Only the lines from the one bearing "nuclear research opportunities in jordan" through the end of the listing belong in your response, restated word for word and without pictures.

::::::::

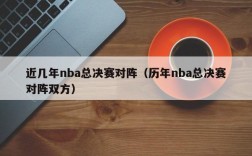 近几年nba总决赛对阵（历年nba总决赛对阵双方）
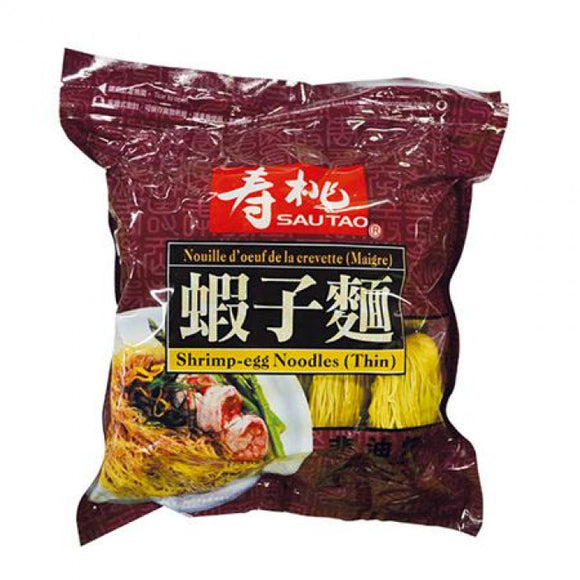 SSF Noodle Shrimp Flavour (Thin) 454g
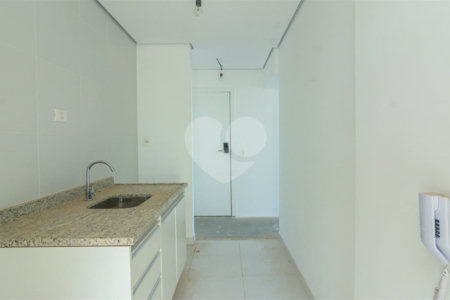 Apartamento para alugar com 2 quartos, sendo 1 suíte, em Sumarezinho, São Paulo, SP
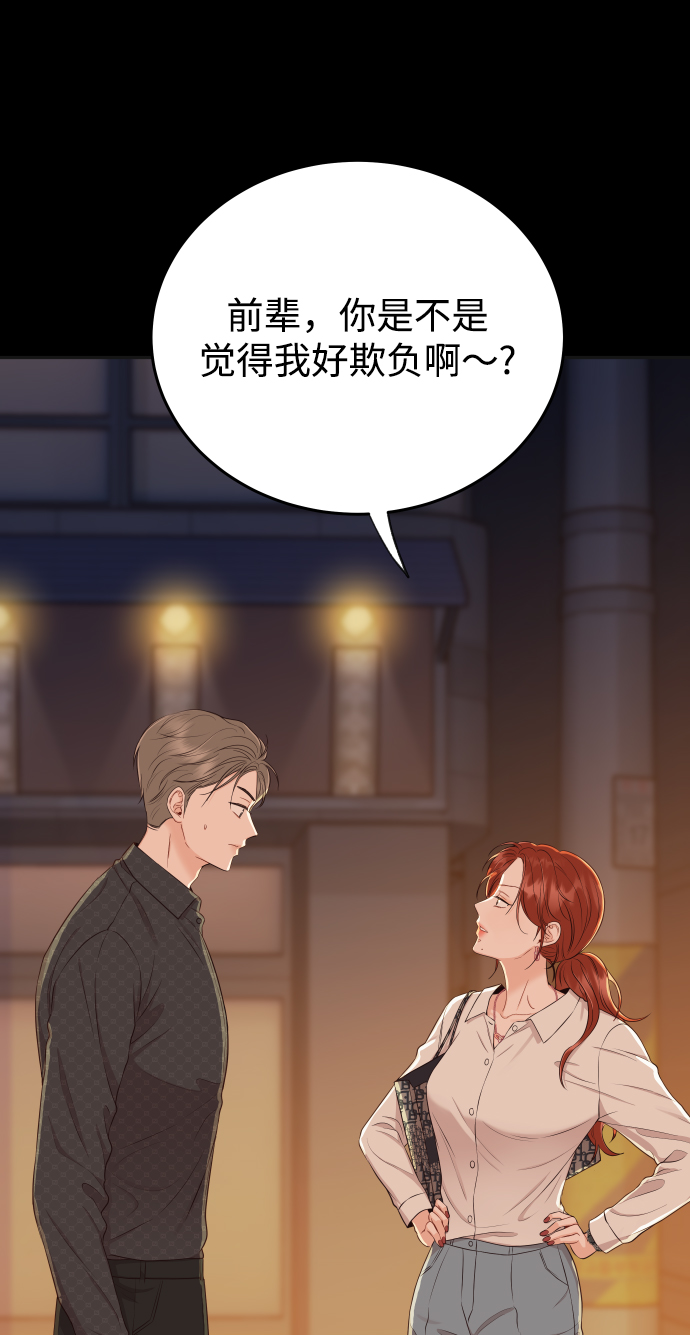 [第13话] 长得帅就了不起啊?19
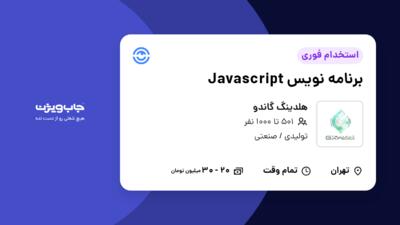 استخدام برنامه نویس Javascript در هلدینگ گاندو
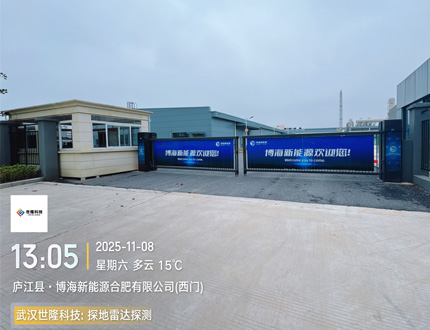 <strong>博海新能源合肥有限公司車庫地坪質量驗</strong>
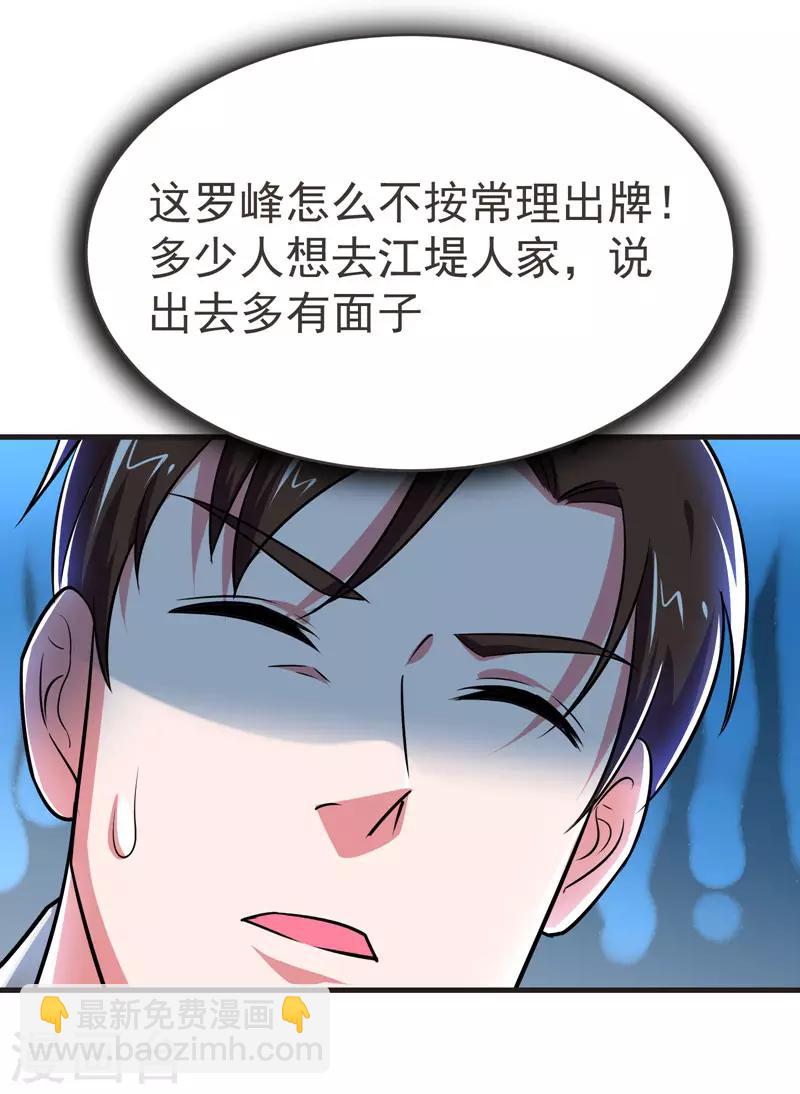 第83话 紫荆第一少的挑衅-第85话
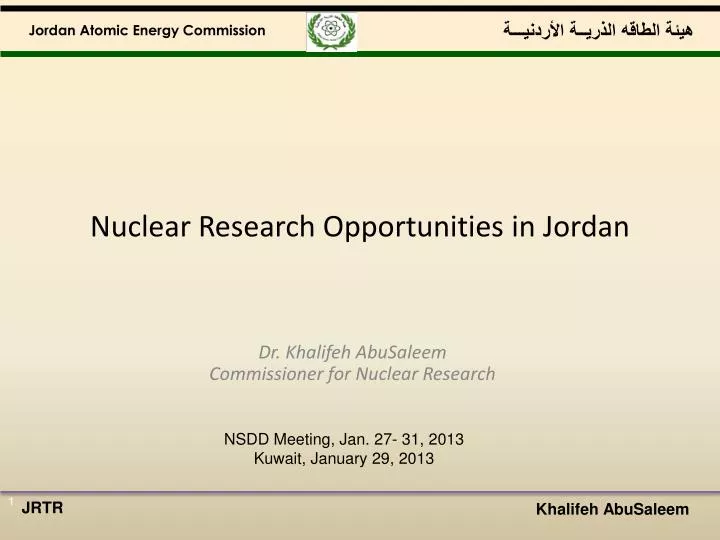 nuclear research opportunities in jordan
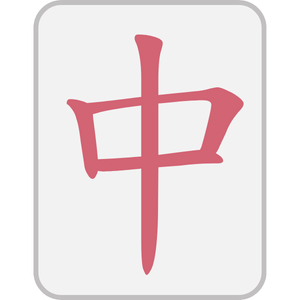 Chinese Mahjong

::::::::

◆ Answer to the exercise
 nuclear research opportunities in jordan
 Chinese Mahjong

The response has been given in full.